While the state of New York holds the title of having the largest and most lucrative ivory market in the United States, California comes as a close second. The metropolitan areas of Los Angeles and San Francisco have been accredited as some of the most active hotspots for the illegal trade of elephant ivory and rhinoceros horns within the state. However, the illicit trade of these products are not just isolated within these areas, with ivory and rhino horn seizures worth millions of dollars being reported in other major Californian cities like San Diego, San Jose, and more. Some examples include: the 2018 Carlton Gallery seizure in La Jolla, the 2017 Antiquarian Traders Inc. seizure in Los Angeles, and the 2012 Long Beach Airport seizure.

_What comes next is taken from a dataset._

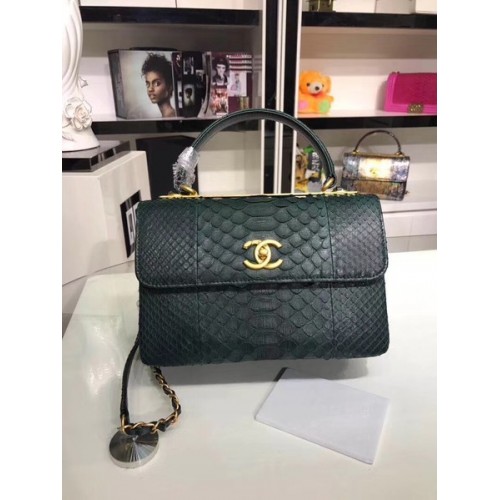 Bolso tote de piel de serpiente Chanel Original A92236 Verde negruzco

Illegal wildlife product seizures like these are hugely important and greatly aid law enforcement agencies in furthering their investigations into illegal wildlife trade syndicates. Seizures like these can alert law enforcement to illegal wildlife trade hotspots, highlight new and existing wildlife trade routes, and expose individuals tied to criminal networks that exploit wildlife for profit. Furthermore, the profits made from the illicit trade of wildlife products like elephant ivory and rhinoceros horns are frequently used to fund terrorist networks and movements of civil unrest. But without effective legislation, the enforcement against wildlife crimes is near impossible.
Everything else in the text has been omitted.